Hot on the tail of its new scheduled services to Shanghai and Singapore in 2004, the Austrian Airlines Group will be continuing the successful expansion of its long-haul traffic in 2005. From 1 May 2005 onwards, non-stop services between Vienna and the Indian business centre of Mumbai (formerly known as Bombay) will be launched five times a week. The new route will be served by a long-haul Boeing B767 jet with 36 Business Class and 209 Economy Class seats.Chief Executive Officer Vagn Soerensen made the following comment on the dynamic expansion of the Austrian Airlines Group’s long-haul services: ‘Our daily flights to the Indian capital of Delhi (service launched in October 1997) have demonstrated an extremely strong passenger load factor at over 80 %, and we expect similarly high levels of demand for our new programme to Mumbai. With five non-stop flights every week, we are offering the international business passenger and tourist traveller a comfortable product. If the levels of demand do justify such a move, we expect to be able to expand our service to Mumbai to one flight a day from the 2005/2006 winter flight schedule onwards.’

Chief Commercial Officer Dr. Josef E. Burger added, ‘Similarly to our range of flights to and from Delhi, we shall be integrating our flights to Mumbai into our connections into Western and Eastern Europe via Vienna, and into our transfer system across the North Atlantic to the USA. In addition to this, we shall be working with Austrian tourist industry advertisers to continue increasing the incoming tourist traffic from India to Austria and building on this sector as a future source of value creation.’

Mumbai is the capital of the federal state of Maharashtra on the west coast of India. With a population of approximately 16 million people, it is the country’s second-largest city, being smaller than Kolkata and larger than the national capital, Delhi. As the engine of the booming Indian economy, the city is also the leading financial centre and home to the largest and most important stock exchange on the sub-continent.

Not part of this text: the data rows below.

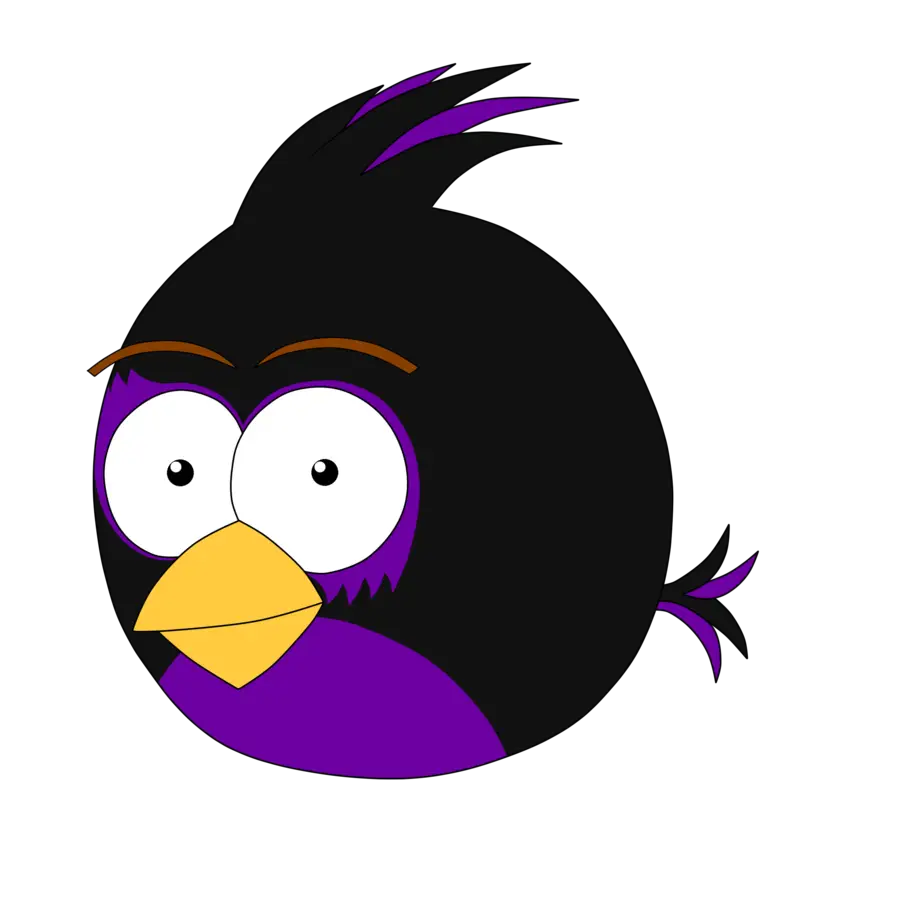 Black and Purple Angry Bird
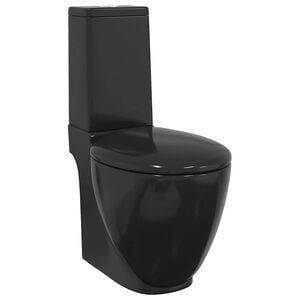 vidaXL Toilet rond afvoer onder keramiek zwart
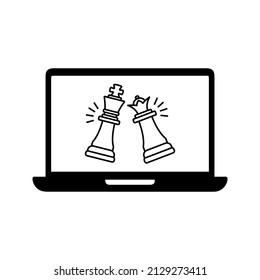 Chess icon, Strategy, Checkmate. Vector illustration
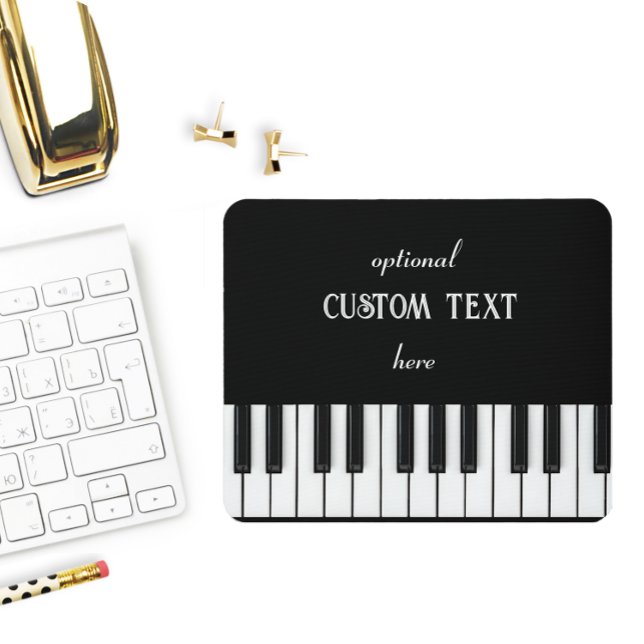 Alfombrilla De Ratón Teclado de piano y texto de personalizable en blan (Piano keyboard mouse mat with text you can customize)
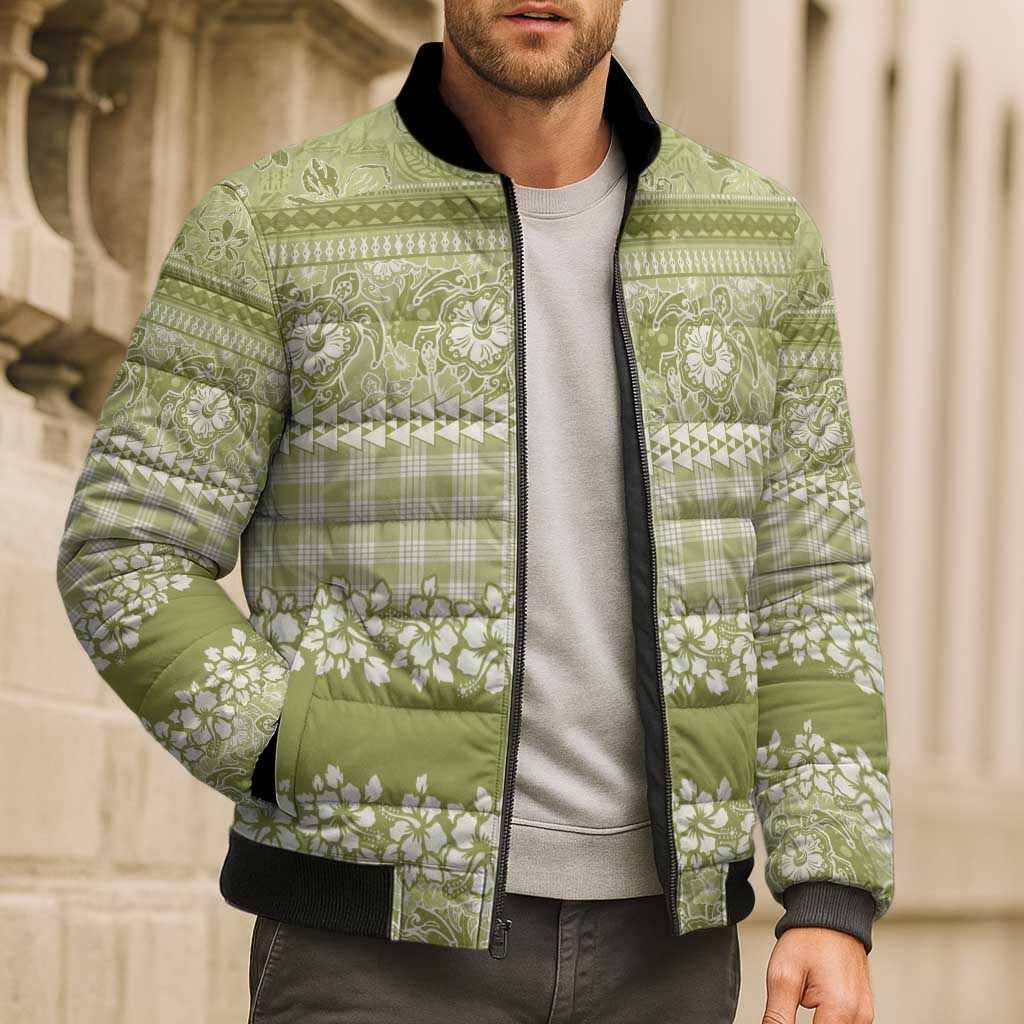 Hawaiian Hibiscus Honu Bomber Puffer Jacket Sage Green Mele Kalikimaka Palaka Spirit - Polynesian Pride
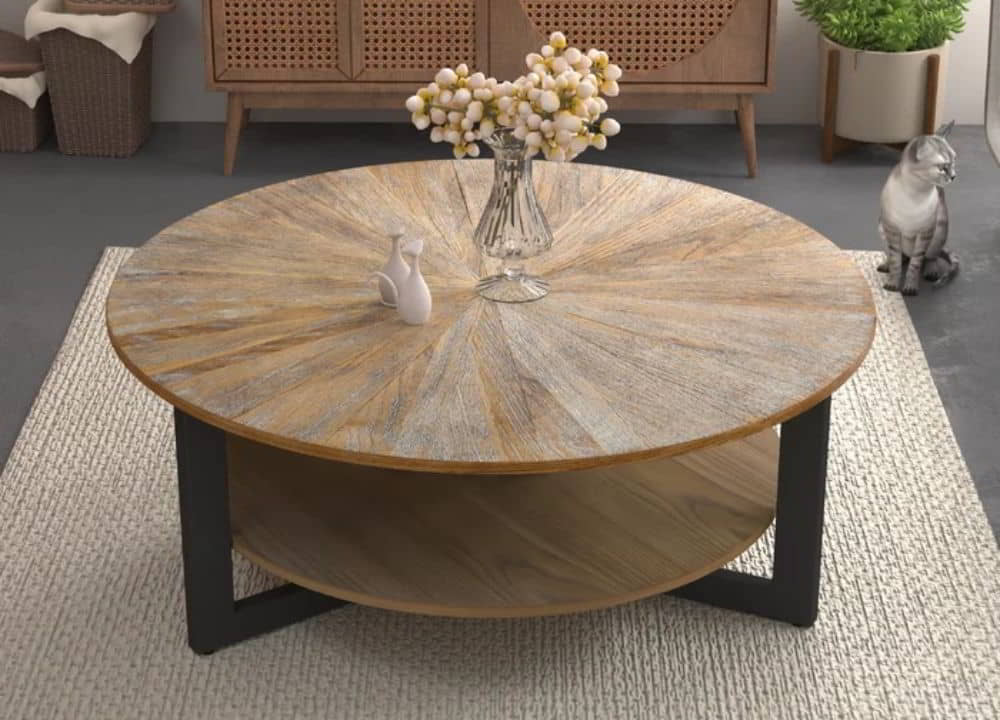 Natural wood grain coffee table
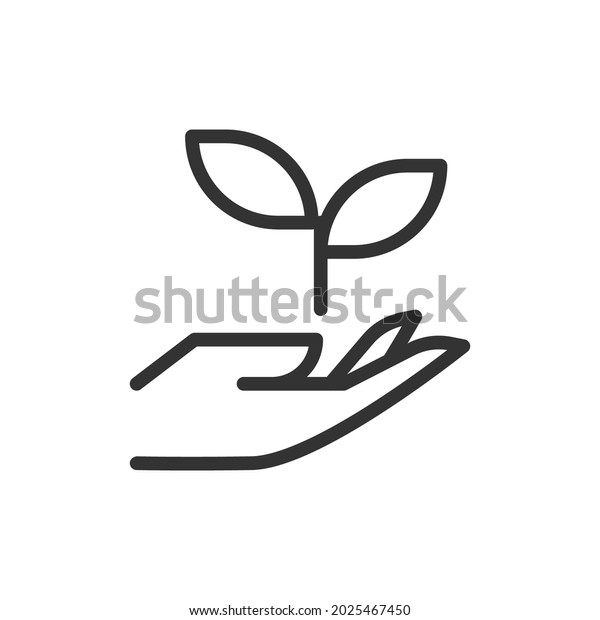 Thin line icon of plant. Vector outline sign\
for UI, web and app. Concept design of plant icon. Isolated on a\
white background.
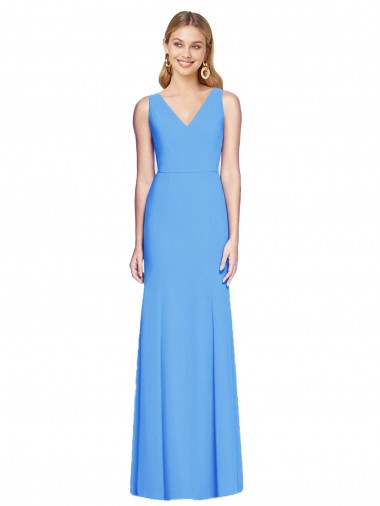Bleu paon Trompette Col V Crêpe Stretch Longue Robes demoiselle d'honneur / Robes de bal Pas Cher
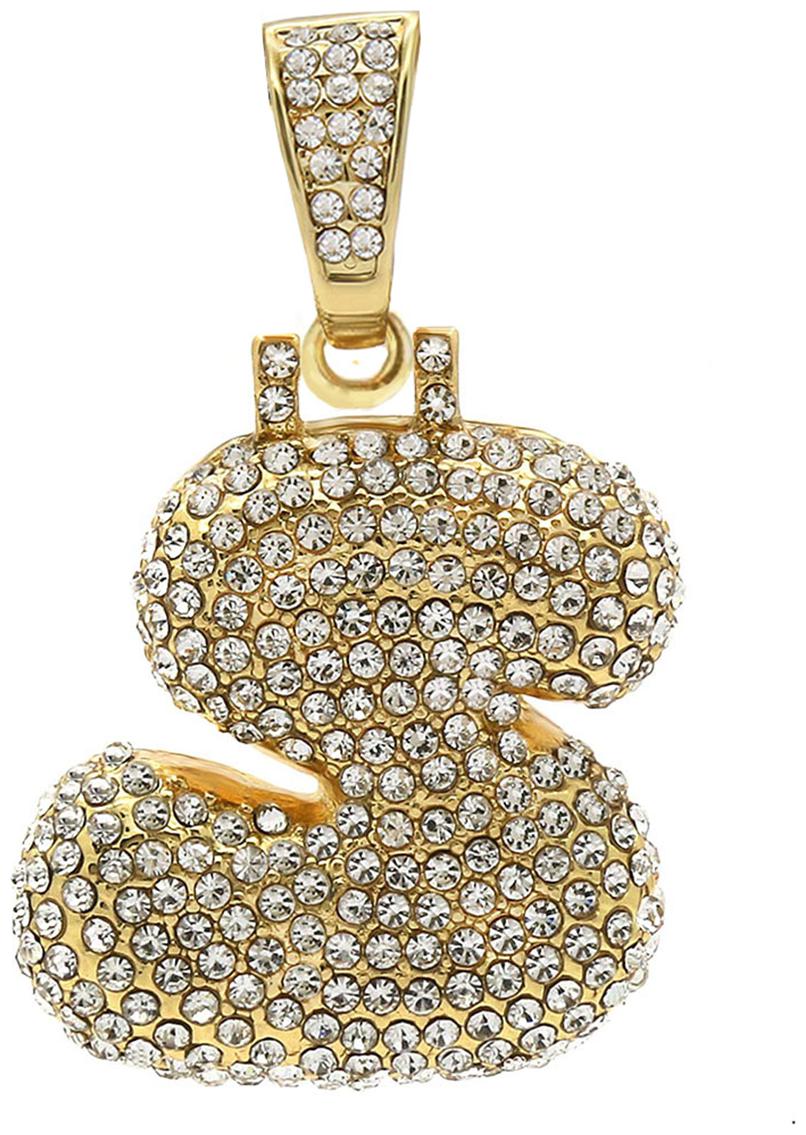 

ZIVOM Hip Hop Iced Out Alphabet Initial Letter S 18k Gold Pendant Women Men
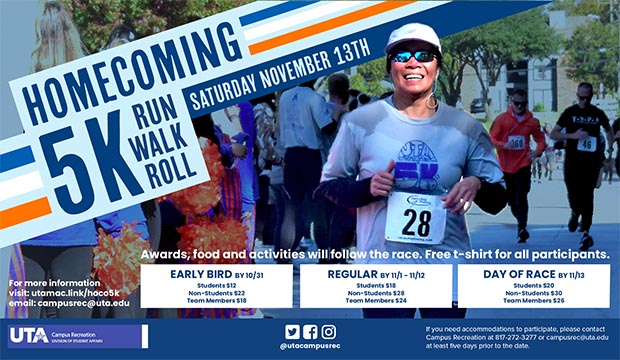 Homecoming 5K Run Walk Roll. Saturday, Nov. 13th. Awards, food, and activities will follow the race. Free T-shirt for all participants. For more information, visit utamac.link/hoco5k.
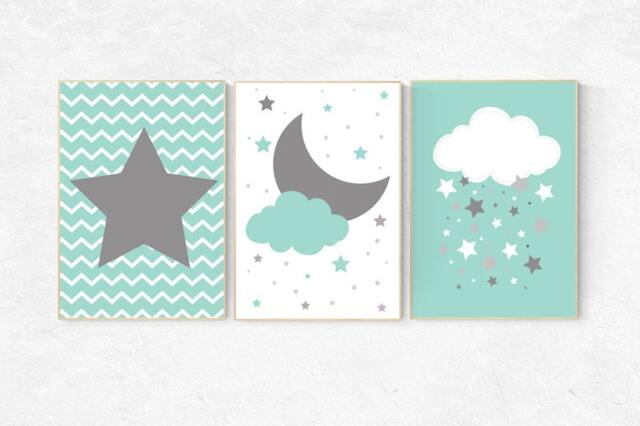 Mint Nursery Prints Cloud, Moon, Star Wall Art - Set Of 3 - image 1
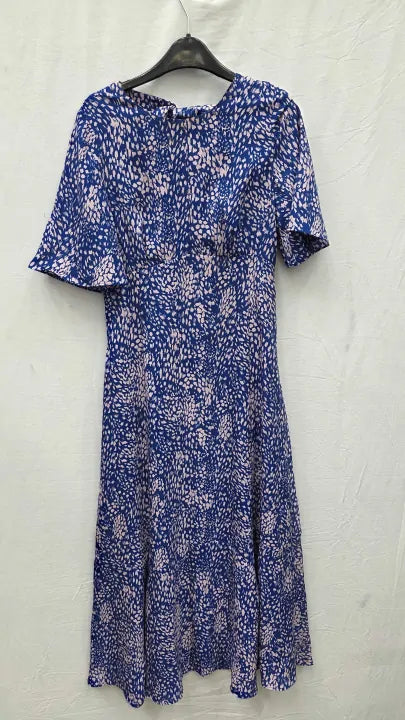 Whistles - Blue Lively Animal Print Midi Dress Size: Uk 8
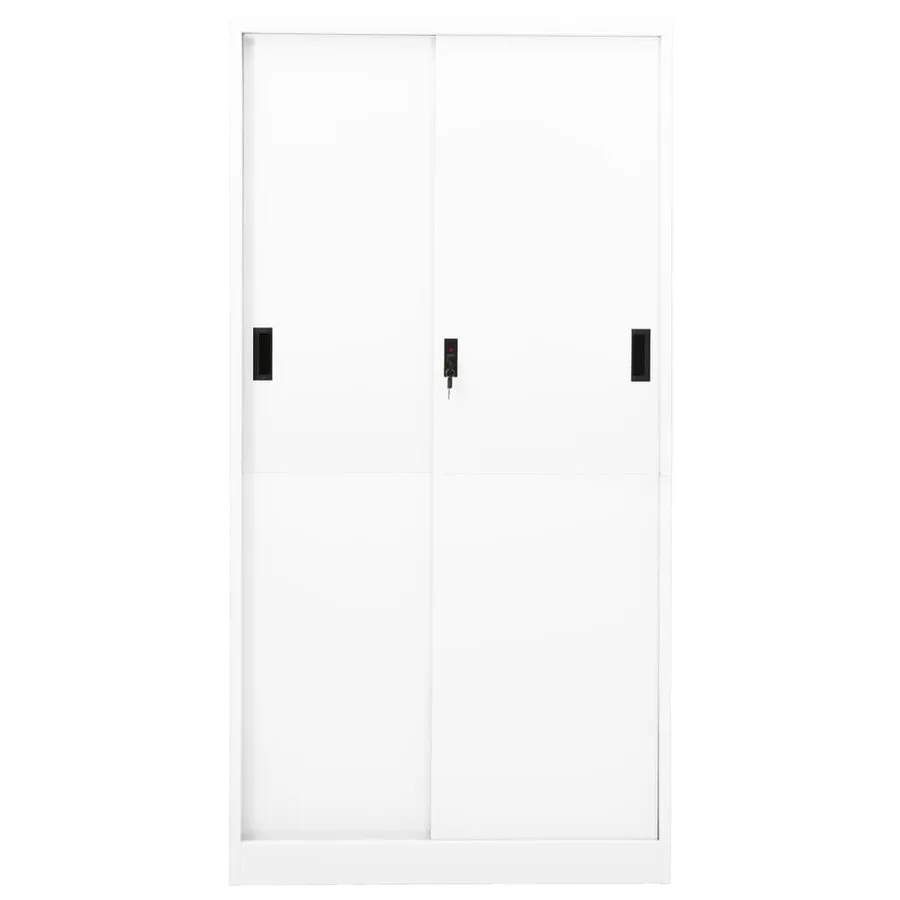 Armoire de bureau et porte coulissante Blanc 90x40x180 cm Acier - 4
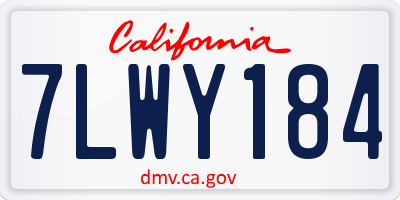 CA license plate 7LWY184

Mumbai is the centre of India’s cotton trade and textile industry, its film industry (‘Bollywood’), the printing and publishing trade, shipbuilding and repair, the country’s chemical sector, engineering and the metalworking industry. Mumbai - often referred to by the British as the ‘Gateway to India’ - is a great starting-point for tourists wishing to visit numerous points of interest across Western and Central India. The incoming potential of Indian tourists travelling abroad is currently estimated at around 50 million people. Last year, approximately 39,000 Indians visited Austria, a figure which continues to rise rapidly.